A FOUR-YEAR fight to make a railway footbridge in Oxford wheelchair and bike-accessible looks to have finally been won by campaigners.

Residents have been battling to get Network Rail to include ramps when it replaces the footbridge linking North and South Hinksey.

Network Rail originally said it could not afford to modify its plans for the new bridge, but in 2015 revealed they would look again after Vale of White Horse District Council, Oxford City Council and Oxfordshire County Council offered to contribute to the cost.

Now city council leader Bob Price has confirmed Network Rail have said the new designs will be accessible for all.

He said: "They told us earlier this year that the new plan would include access ramps which is a victory for those who have been campaigning about this issue for a long time."

Meanwhile, local MPs Layla Moran and Anneliese Dodds have vowed to put pressure on Network Rail to ensure residents, who daily struggle to get pushchairs and bicycles up the bridge's steep steps, will finally see progress.

Mrs Moran, who represents Oxford West and Abingdon, said: "It's so important to people and my personal experience has impacted how I think about this issue. When I was 20 I broke my leg and was in a wheelchair for three months.

"Until it happens to you, you don't realise how much those in wheelchairs are excluded."

Oxford East MP Anneliese Dodds added: "This really cuts the two communities on either side of the bridge off from each other and as an MP I will be making it clear that this is a priority for the community."

She said the problem was wider than just the Hinksey bridge and many parts of the city were 'out of limits' to wheelchair users.

South Hinksey resident Peter Rawcliffe, who has been campaigning for years to have the new bridge be wheelchair and bike friendly, said: "When we heard they were electrifying the line and refurbishing bridges along the route we seized the opportunity to try and get something done about the bridge.
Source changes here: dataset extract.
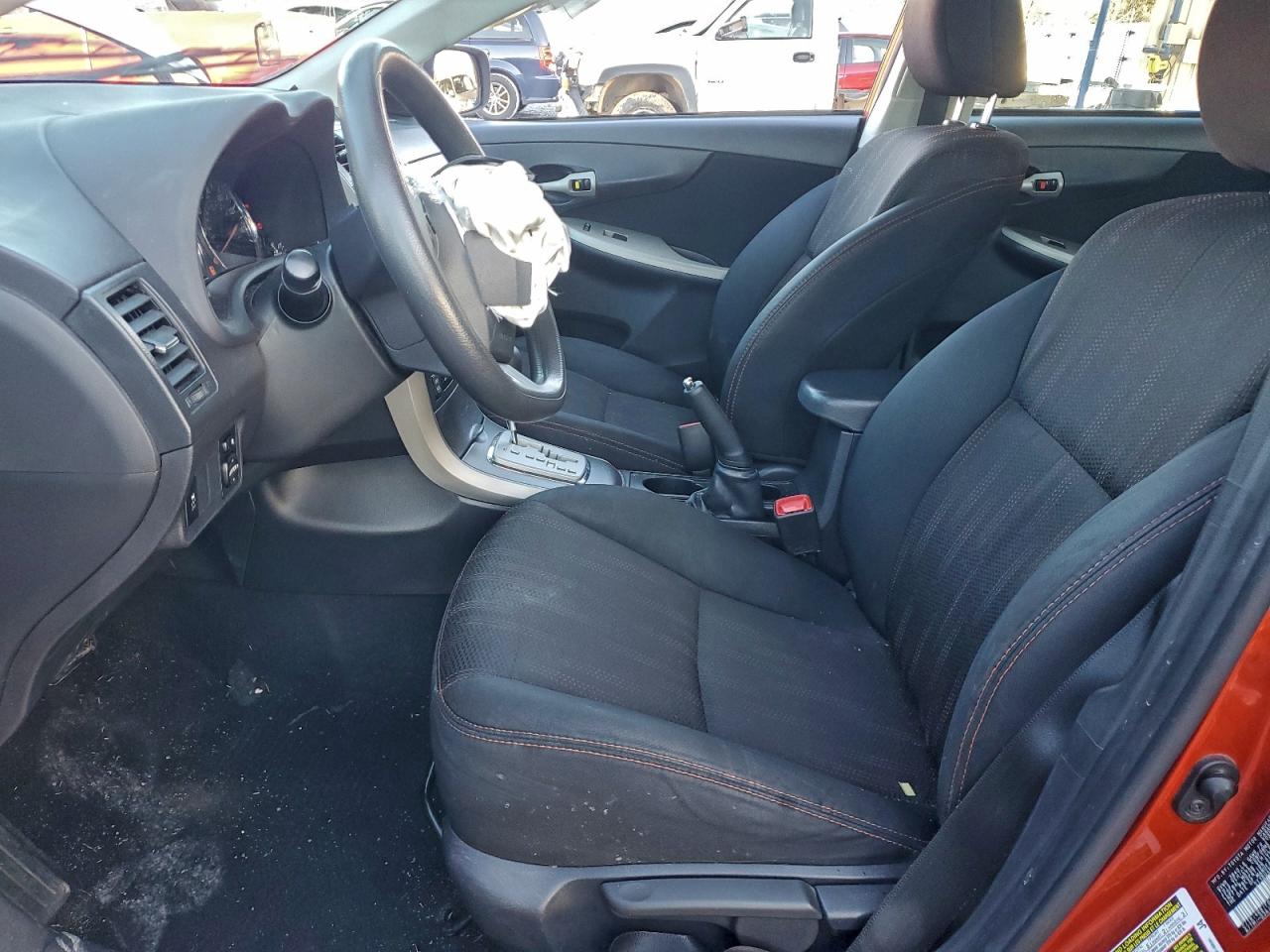 2013 TOYOTA COROLLA BASE photo 7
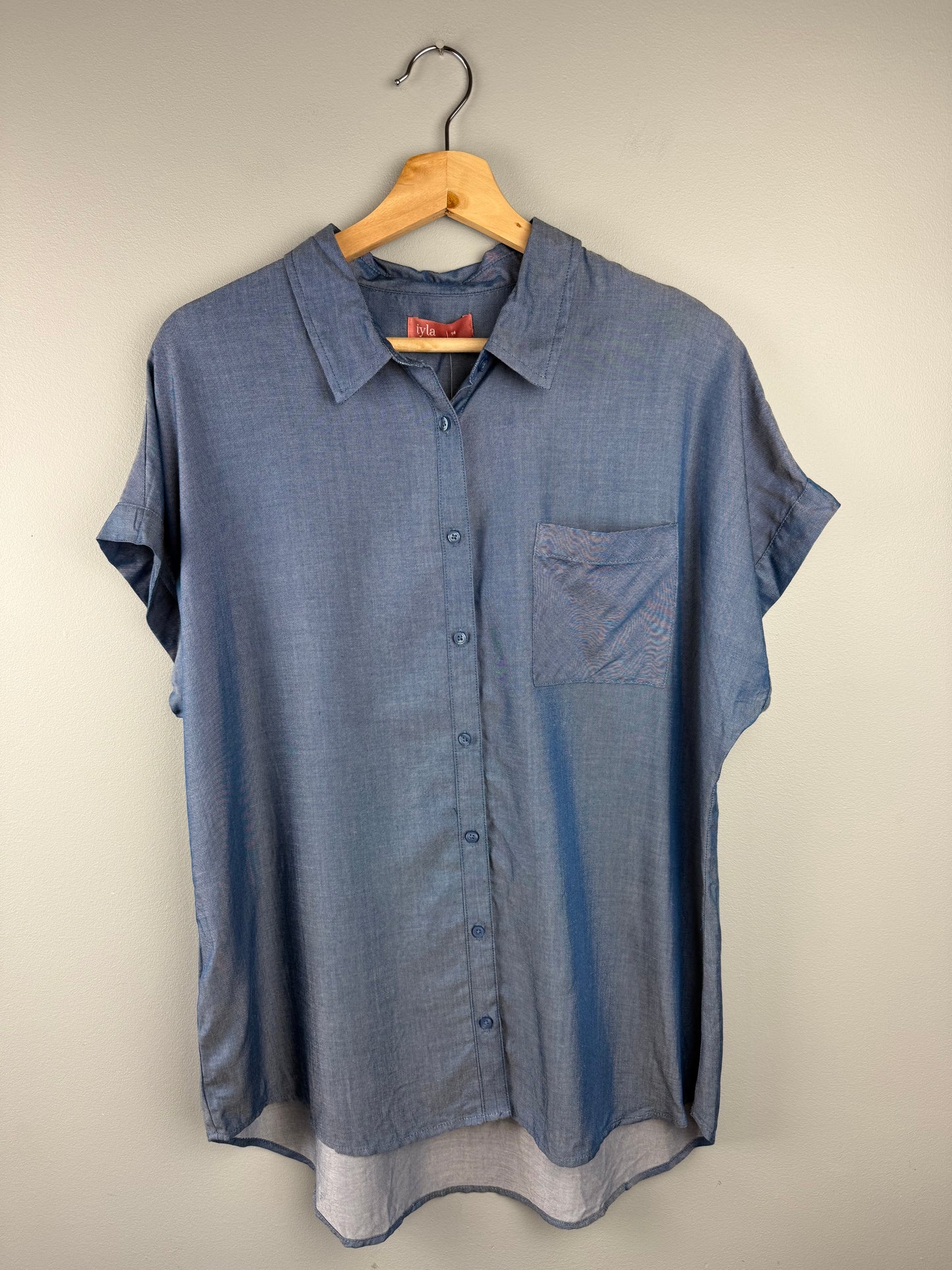 Iyla Women’s Medium Jean like Shirt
"It's a really well used path and we have been fighting for a long time to have it accessible to all."

Network Rail is rebuilding the bridge and 28 others in Oxfordshire as part of its £2bn electrification of the Great Western Mainline from London.

The bridge is going to be replaced by Network Rail because it needs to be higher to allow for electrification of the line.

The government had planned to finish the electrification by 2019, but it has been delayed until the next 'control period', which runs to 2024.

A Network Rail spokesman said: “The bridge at South Hinksey is too low to allow electrified lines to be passed underneath.

"Therefore, as part of electrification between Didcot Parkway and Oxford stations the bridge will need to be either refurbished or replaced.

“When the bridge is replaced it will be fitted with ramps to make it more accessible for users, but as electrification between Didcot and Oxford has been deferred to take place during our next funding period, between 2019 and 2024, the construction of the bridge itself is currently not funded.

“Design work has progressed and we will be in a position to update on this when funding for projects in the next funding period are confirmed.”

Mr Price added he was hopeful the old bridge, which runs from near Lake Street in South Oxford across Hinksey Lake and the railway line to South Hinksey, would be maintained until the new one was built on land next to it.

However, with the electrification project delayed, work on the bridge will not begin until funding has been secured.

Oxford City Council originally refused to give permission for work on two bridges because the proposed designs did not have ramps.

Network Rail appealed against both decisions and won, but the council used a third bridge needing modification, Aristotle Lane, as a bargaining tool.

The council holds crucial crossing rights to that bridge, which Network Rail needs to carry out its scheme, and city council leader Bob Price said his authority would not surrender the rights unless Network Rail added ramps to the Hinksey bridges.